Technical Abstract: In remote sensing, solar induced chlorophyll fluorescence (SIF) is employed as a proxy for photosynthesis from field to airborne and satellite scales. The actual retrieval of the SIF signal is still challenging. However, the investigation of SIF offers a unique way for investigating vegetation functioning from the local to the global scale. Common retrieval approaches extract the SIF infilling directly from atmospheric oxygen bands in down-welling and up-welling radiance. They require a complex signal correction to compensate for atmospheric reabsorption and, thus, often require long computing time. In contrast, the exploitation of solar Fraunhofer lines is devoid of atmospheric disturbances. We propose a new retrieval method for red and far-red SIF directly from up-welling radiance spectra, using the entire range between 650 nm and 810 nm by applying Partial Least Squares (PLS) regression models. Solar Fraunhofer lines are exploited for SIF retrieval with the PLS approach excluding the telluric absorption features. The PLS models are trained and tested on synthetic reflectance data modelled with SCOPE for which the SIF signal is simulated.

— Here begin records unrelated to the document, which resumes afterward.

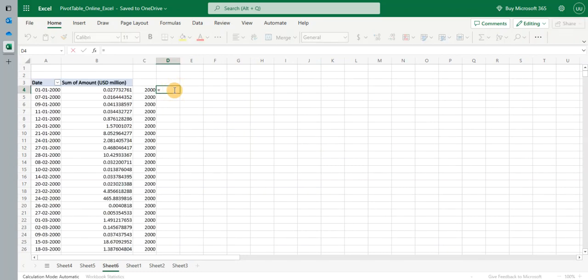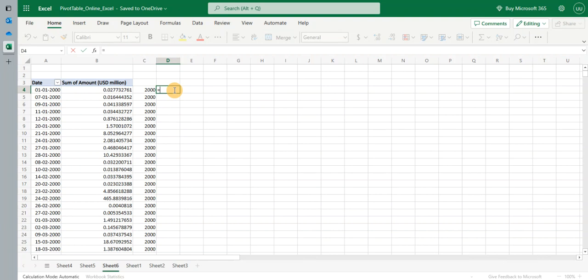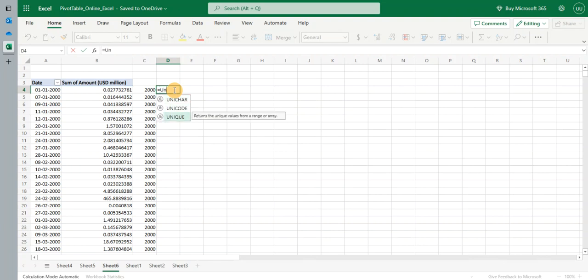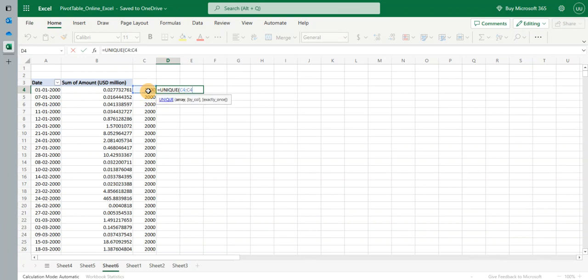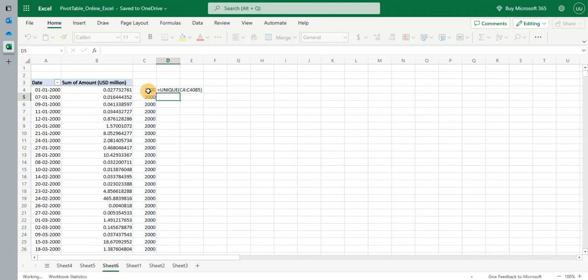So I use this neat spillover function given by Excel. It's called unique. Select the array C4 to C4085 as the last row. You can see I get the unique years. So cool.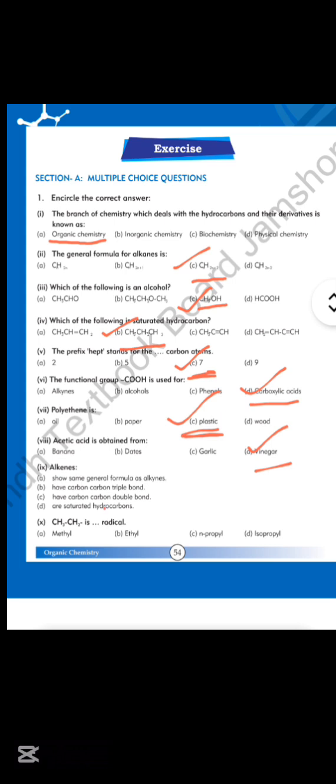Number 10: CH3CH2 is which radical? Option B is correct — CH3CH2 is the ethyl radical. So guys, we have done the MCQs of Chapter 3.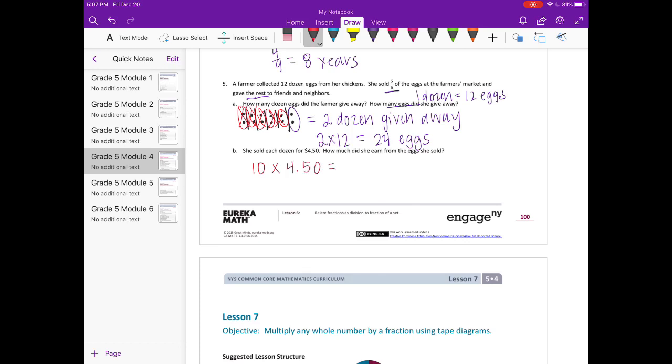This is going back to our multiplying and dividing by powers of 10. We can just shift the digits one place to the left because we're multiplying, and we'll end up with $45.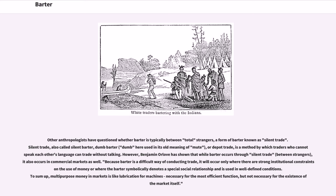However, Benjamin Orlove has shown that while barter occurs through silent trade between strangers, it also occurs in commercial markets as well. Because barter is a difficult way of conducting trade, it will occur only where there are strong institutional constraints in the use of money or where the barter symbolically denotes a special social relationship and is used in well-defined conditions.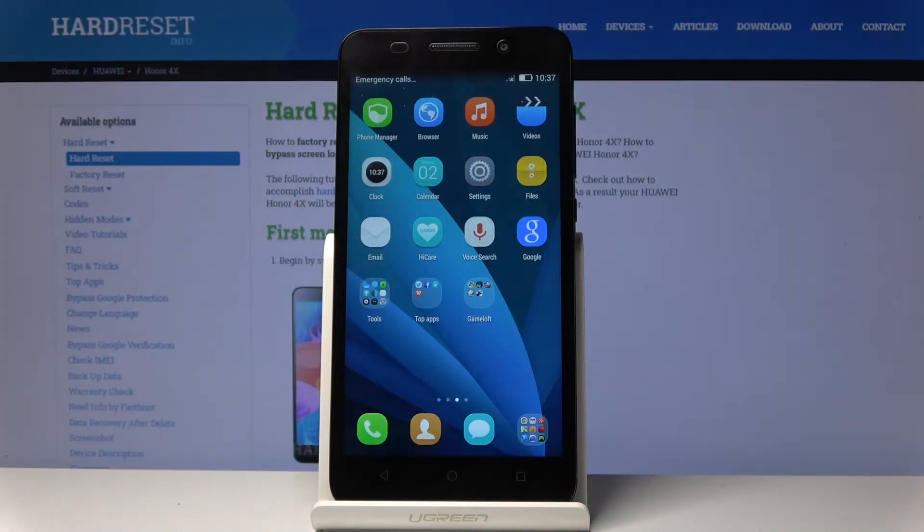Welcome. In front of me is an Honor 4X, and today I will show you how to format the SD card.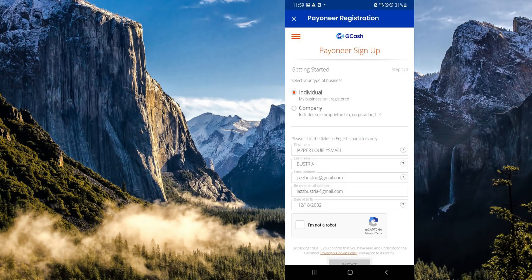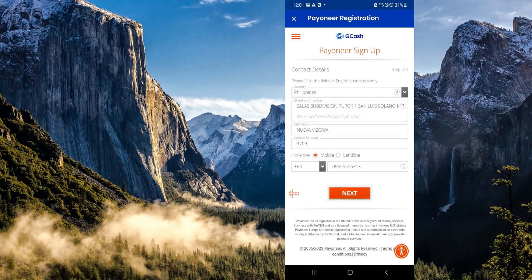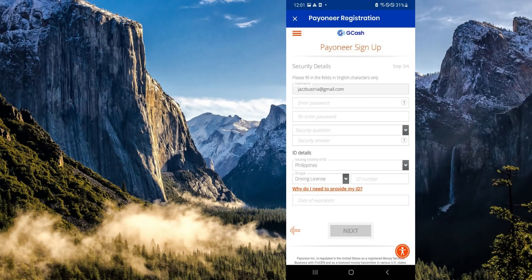This will redirect you to the sign-up page of Pioneer. You would simply need to fill in the information that you would usually fill in when using Pioneer directly. After doing that, you're simply going to press on next. Then you're going to fill in your contact details, and then your security details. Then it's going to ask you to enter your ID detail.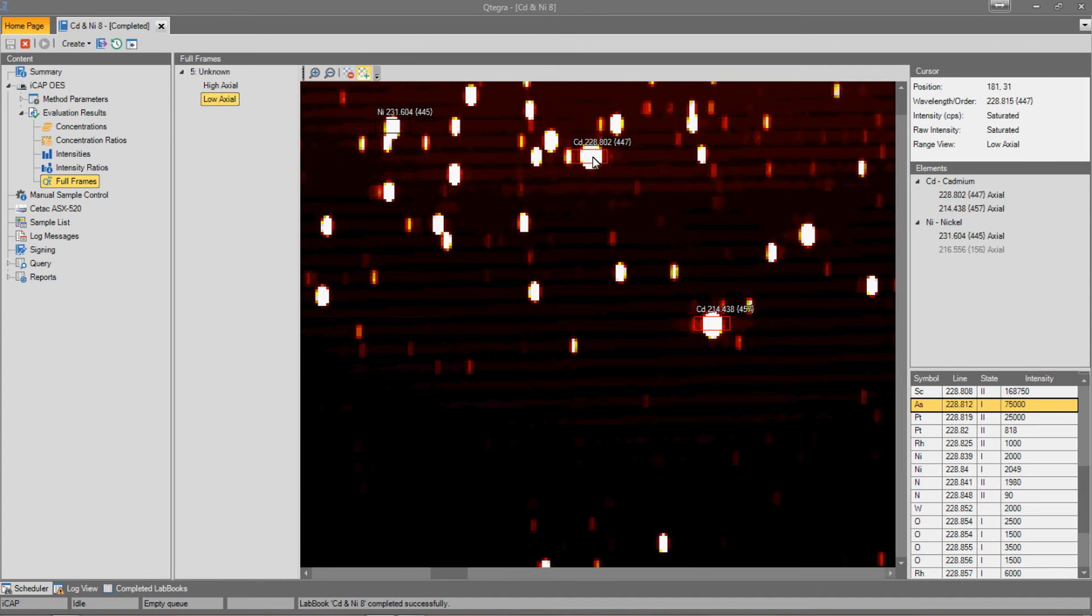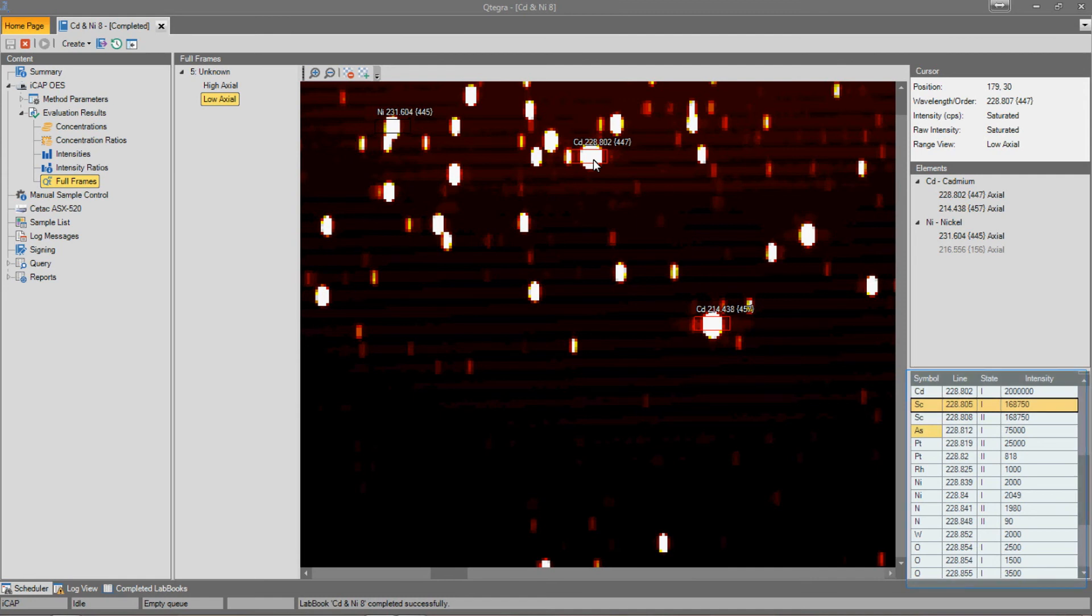To verify what is causing the interference on this cadmium line, we can click on the peak and a list of potential interferences based on the wavelength database is shown on the right.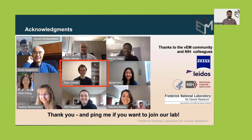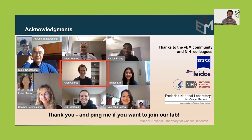I'd really like to thank everyone in our group, the Volume EM community, NIH colleagues, and folks at the Frederick National Lab. All of this work was done by an extremely talented research analyst in the lab, Ryan Conrad. Definitely reach out to him as well — he is active on these boards if you have questions. He has really done all of this work. Thanks everybody, and I'm ready for questions.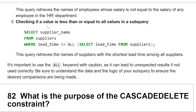Third, checking if a value is less than or equal to all values in a subquery. We are selecting the supplier name column from the supplier table where lead time should be less than or equal to all the values in the subquery — select lead time from suppliers. This query retrieves the name of the supplier with the shortest lead time among all suppliers. It is important to use the ALL keyword with caution, as it can lead to unexpected results if not used correctly. Be sure to understand the data and the logic of your subquery to ensure the desired comparisons are being made.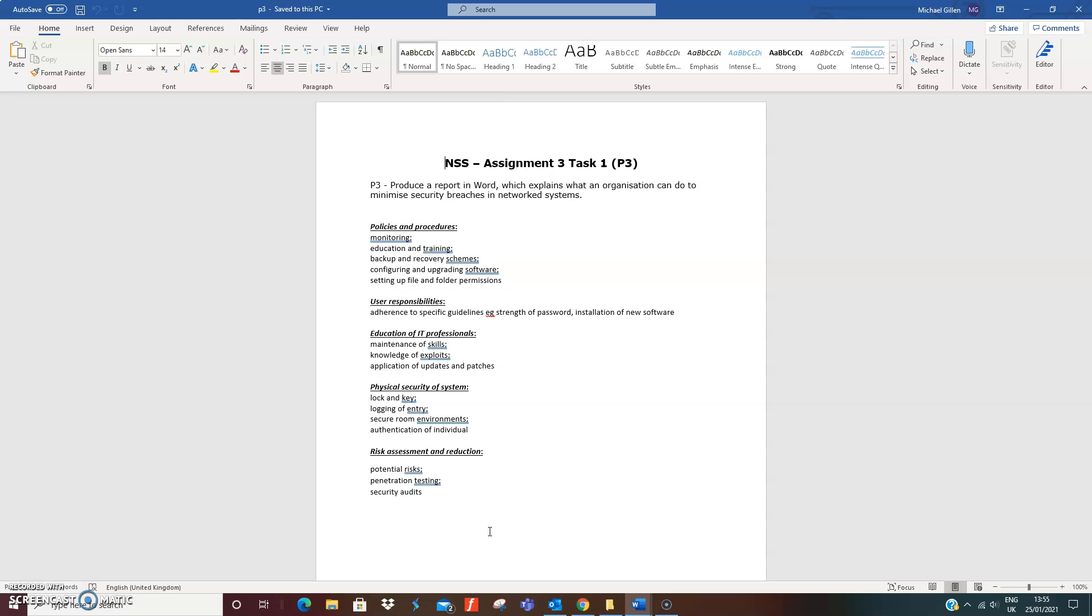Authentication of individuals - being sure you have to authenticate yourself to get into the building or into the room. User responsibilities - there's another random one: strength of password. Making sure that the user knows they have to have a strong password and that they're not writing the passwords down somewhere. Very silly for somebody to come along, find a post-it note under the keyboard, and then they've got access to the network. And installation of new software.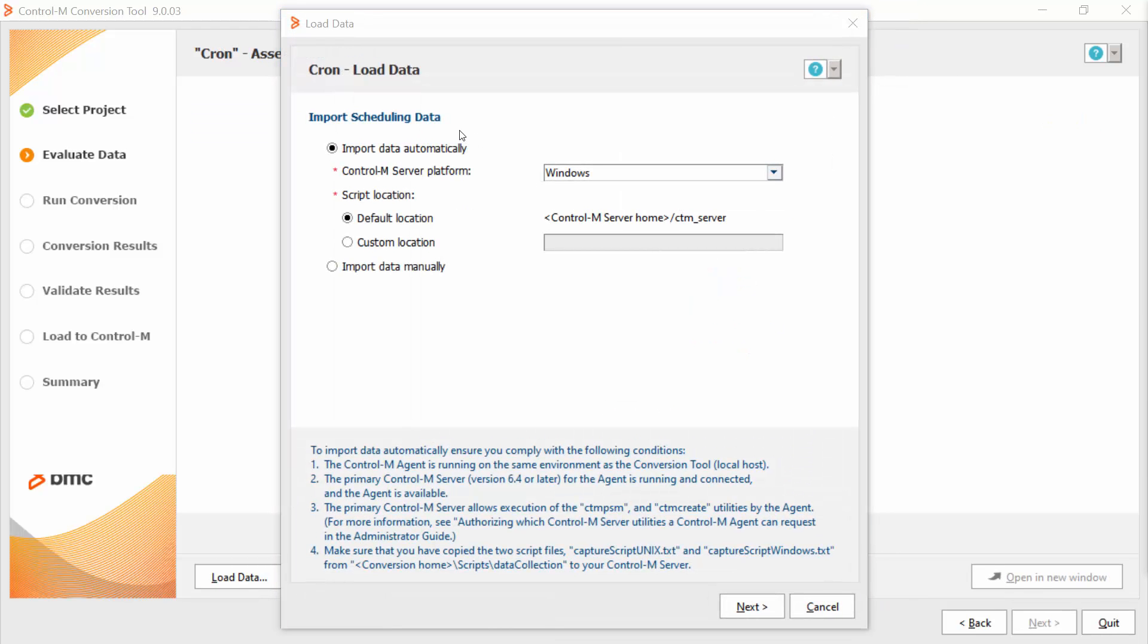Here I have two options for collecting the data, automatically way and manually way. In this video, I will cover the automatically way.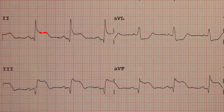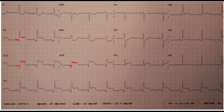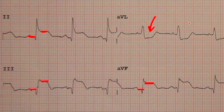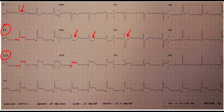Here we see ST segment elevation in lead two, lead three, and lead AVF — the inferior leads — so this patient is having an inferior myocardial infarction. You may also notice significant ST segment reciprocal depression in other leads, as well as depression in V2 and lead one, confirming it is not global ST elevation. Because the elevation is predominantly in leads two, three, and AVF, we conclude this is an inferior MI. If the patient cannot reach the cath lab soon enough, a blood thinner may be needed.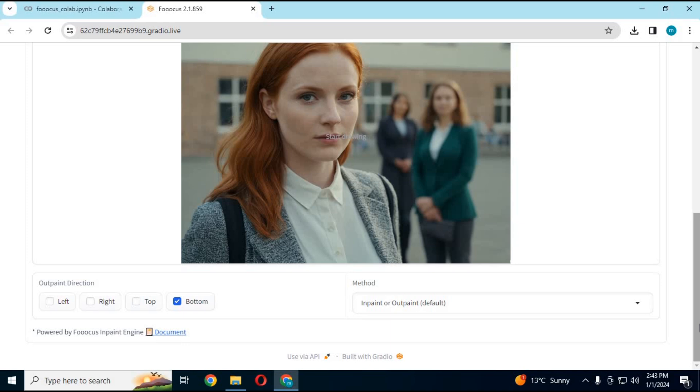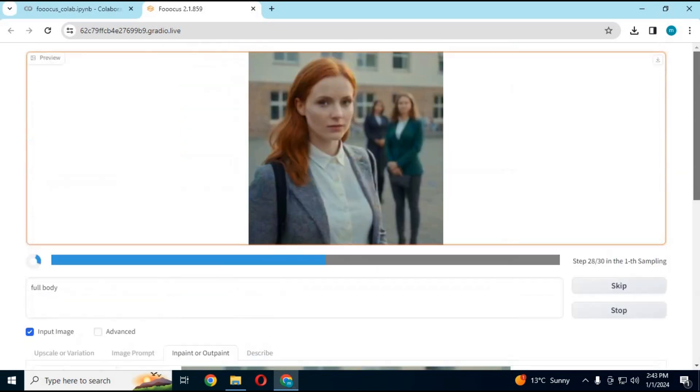You can also use the outpaint option and expand that picture—from just half of a person's body, generate a full body pic. How cool is that?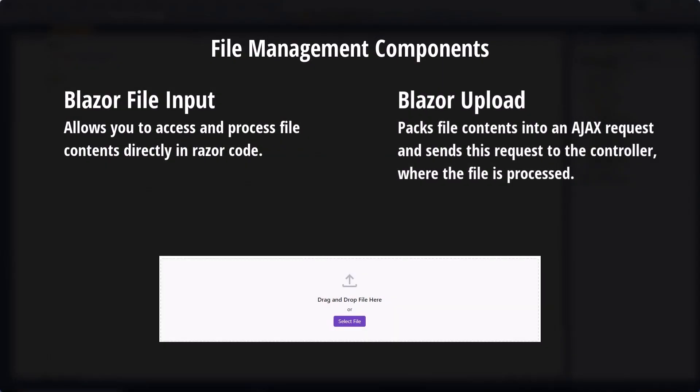Both DevExpress Blazor DX File Input and DX Upload components allow you to handle file upload. The main difference is that the File Input allows you to access and process file contents directly in Razor code, whereas the Upload component packs file contents into an AJAX request and sends this request to the controller where the file is processed.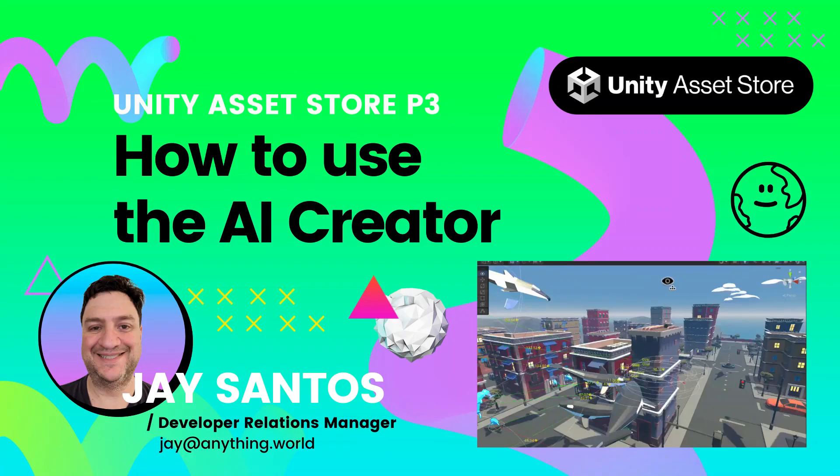Hello and welcome to this video on how to use the AI Creator within Anything World. My name is Jay Santos and I'm the Developer Relations Manager here at Anything World. Let's get started.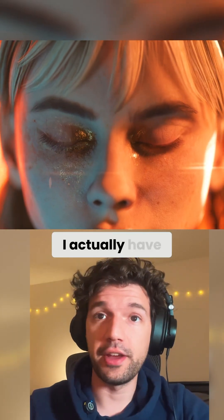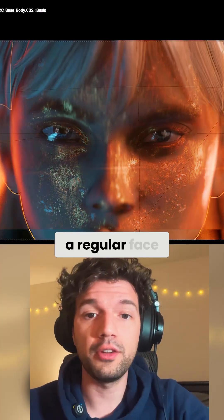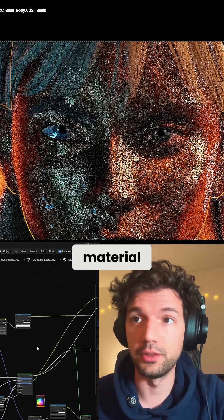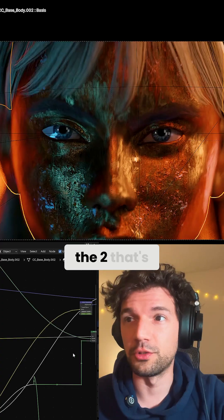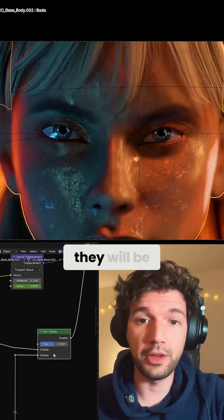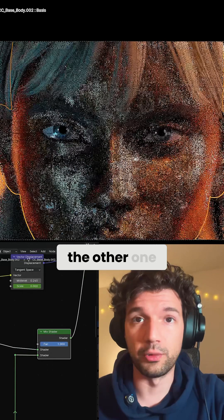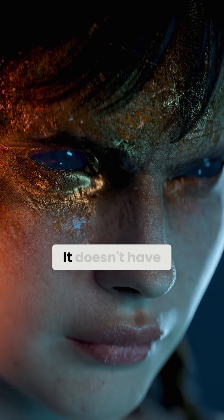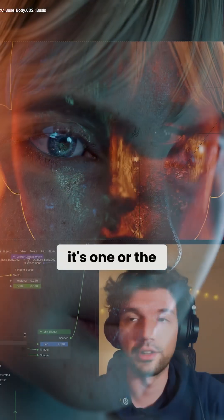For this shot, I actually have two shaders inside one material. One of them is a regular face material, and the other one is this metallic material. I'm telling Blender I would like to switch between the two — that's where this mix shader comes in. This determines how they will be mixed. It can be one or the other, but if you plug something into here, you can customize the shape of that transition. It doesn't have to be one or the other; we can decide how it's one or the other.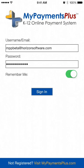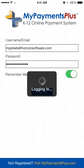Welcome to the MyPaymentsPlus mobile application designed to bring you convenience and time savings. Sign in with your username or email address and password. Choose Remember Me for easy access in the future. If you don't have an account, visit MyPaymentsPlus.com to register.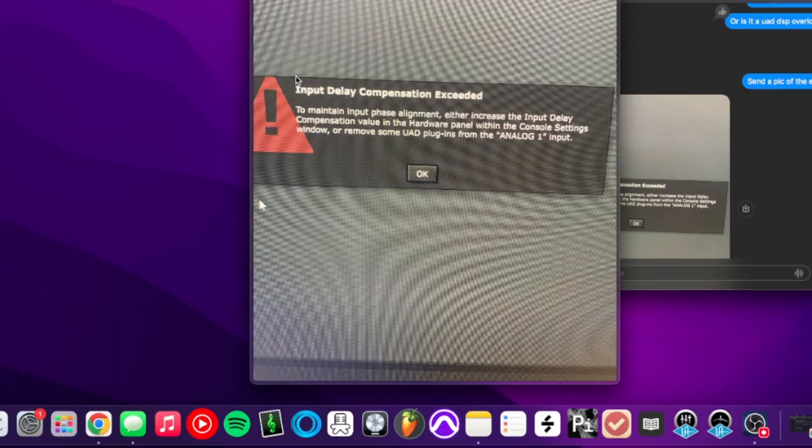Today we're going to be looking at the input delay compensation exceeded error in UAD. This is a picture of what the error popup looks like.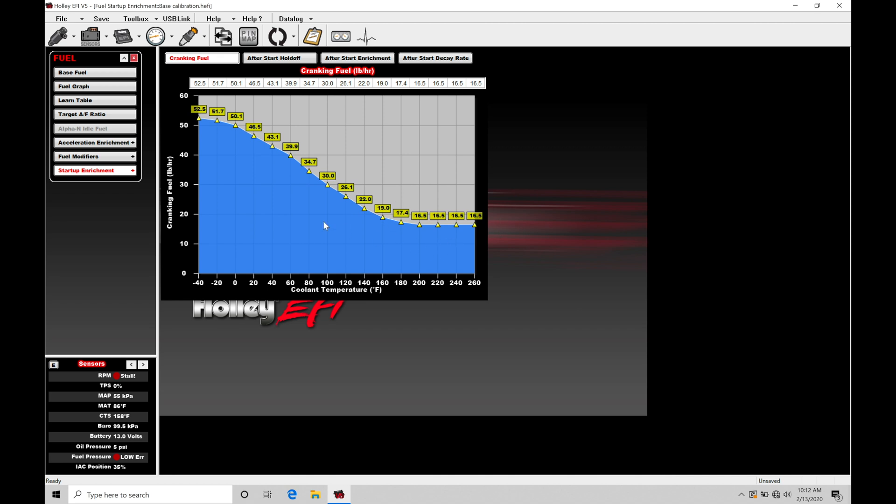Cranking fuel is going to be used for 400 RPMs and below. Once we've exceeded 400 RPMs, that's when it kicks into our main fuel table and into our after-start enrichment, and we'll talk about that in a second.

We identify a logarithmic relationship of the performance with respect to signal-to-noise ratio of the instrument. The approach has been transferred to real-world measured data from Fluorescence Box (FloX) monitoring field spectrometers and evaluated against two well-established retrieval methods: SFM and SVD. PLS regression models exploiting solar Fraunhofer lines were able to retrieve meaningful SIF values with high precision and robustness against atmospheric distortion, including from a 100m tall tower, with a much shorter running time (37 times faster than SFM). Hence, PLS retrieval allows the exploitation of SIF from solar Fraunhofer lines under conditions in which other retrieval approaches require complex correction of atmospheric disturbances with high precision compared with SVD methods.